Esther Cenga moved from the Eastern Cape to Worcester in 1954 where she cleaned white families homes. She forgot her bad experiences until Shoprite was bombed in 1996 by right-wingers, killing four people and maiming 67. (Botswele Mogotlane)
A drafty 1970s town hall in the Boland would not be where one would expect an electrifying evening of interracial discussion on a cold winter’s night, but that is exactly what happened on a recent Thursday in Worcester. Something unusual and urgent emerged as residents gathered for the launch of the book These Are the Things that Sit with Us, edited by Pumla Gobodo-Madikizela and Marietjie Oelofsen, of Historical Trauma and Transformation at Stellenbosch University, and Friederike Bubenzer, of the Institute for Justice and Reconciliation.
The honest and highly charged dialogue between storytellers from the book and the audience revealed a vital broader need for cross-racial and cross-generational conversations about the past.
“It’s the elephant in the room,” storyteller Russell Cupido said. “This silence sits between those who suffered and those who benefited throughout the country; through all the pain and the hurt we must now begin to speak to each other.”
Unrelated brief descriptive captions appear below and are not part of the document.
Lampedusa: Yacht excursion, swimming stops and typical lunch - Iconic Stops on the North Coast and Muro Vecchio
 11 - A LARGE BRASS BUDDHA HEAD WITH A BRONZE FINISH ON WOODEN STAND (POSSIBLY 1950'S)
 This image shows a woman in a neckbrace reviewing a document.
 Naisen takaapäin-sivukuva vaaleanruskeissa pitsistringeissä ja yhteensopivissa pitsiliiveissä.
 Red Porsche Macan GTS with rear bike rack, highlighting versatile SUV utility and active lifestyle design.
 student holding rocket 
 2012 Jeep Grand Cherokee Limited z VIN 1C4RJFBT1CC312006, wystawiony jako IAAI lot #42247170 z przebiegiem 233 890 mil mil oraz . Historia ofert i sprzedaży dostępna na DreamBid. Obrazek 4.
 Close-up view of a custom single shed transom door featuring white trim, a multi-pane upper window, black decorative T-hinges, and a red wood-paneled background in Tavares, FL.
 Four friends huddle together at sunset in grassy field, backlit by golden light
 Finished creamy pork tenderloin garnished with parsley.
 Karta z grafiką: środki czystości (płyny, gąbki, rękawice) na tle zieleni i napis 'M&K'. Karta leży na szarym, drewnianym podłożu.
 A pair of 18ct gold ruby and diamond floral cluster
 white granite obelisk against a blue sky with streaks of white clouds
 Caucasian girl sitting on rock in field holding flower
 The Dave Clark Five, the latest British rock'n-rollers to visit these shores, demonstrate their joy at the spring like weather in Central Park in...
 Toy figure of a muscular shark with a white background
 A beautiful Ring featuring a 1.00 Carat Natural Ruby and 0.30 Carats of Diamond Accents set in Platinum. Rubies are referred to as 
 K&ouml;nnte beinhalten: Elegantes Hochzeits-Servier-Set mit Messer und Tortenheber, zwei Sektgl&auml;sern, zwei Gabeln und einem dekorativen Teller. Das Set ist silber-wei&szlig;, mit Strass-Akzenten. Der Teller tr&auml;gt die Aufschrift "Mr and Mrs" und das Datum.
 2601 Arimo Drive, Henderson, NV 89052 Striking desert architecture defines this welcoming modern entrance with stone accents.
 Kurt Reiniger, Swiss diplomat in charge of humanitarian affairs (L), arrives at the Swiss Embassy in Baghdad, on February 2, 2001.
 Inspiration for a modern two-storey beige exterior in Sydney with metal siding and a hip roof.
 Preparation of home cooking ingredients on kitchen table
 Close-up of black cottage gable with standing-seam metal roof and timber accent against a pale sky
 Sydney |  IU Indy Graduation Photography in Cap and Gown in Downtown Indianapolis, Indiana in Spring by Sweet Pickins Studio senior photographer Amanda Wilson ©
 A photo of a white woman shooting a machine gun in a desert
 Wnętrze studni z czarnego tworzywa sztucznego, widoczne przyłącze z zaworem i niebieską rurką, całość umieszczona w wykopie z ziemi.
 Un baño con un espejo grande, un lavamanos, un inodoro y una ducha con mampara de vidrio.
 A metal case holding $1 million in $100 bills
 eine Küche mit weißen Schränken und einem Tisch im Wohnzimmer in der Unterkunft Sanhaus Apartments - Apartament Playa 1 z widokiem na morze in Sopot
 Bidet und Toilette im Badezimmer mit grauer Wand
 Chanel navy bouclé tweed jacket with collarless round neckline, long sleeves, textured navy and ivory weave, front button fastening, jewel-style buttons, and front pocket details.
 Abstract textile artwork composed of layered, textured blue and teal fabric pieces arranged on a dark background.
Juan Karriem, whose account of enduring inner battles with harrowing memories is in the book, said: “I hid my history from my children, not wanting to infest them with my prejudices. But tonight I brought my daughter along to see the book for the first time. South Africa is indeed a traumatised nation. We need to have these uncomfortable conversations.”
The book that inspired such honesty documents everyday experiences of South Africans in Langa, Bonteheuwel and Worcester during the country’s brutal past. It’s a compelling and important read, opening up an opportunity for the wider public to bear witness to what it means to have lived through apartheid. The 29 vignettes were selected from a four-year research project examining intergenerational repercussions of historical trauma.
Kholeka Klaas and her family were removed from Cape Town to Langa. Her brother was political: ‘We often had knocks at the door when the police came …’. (Botswele Mogotlane)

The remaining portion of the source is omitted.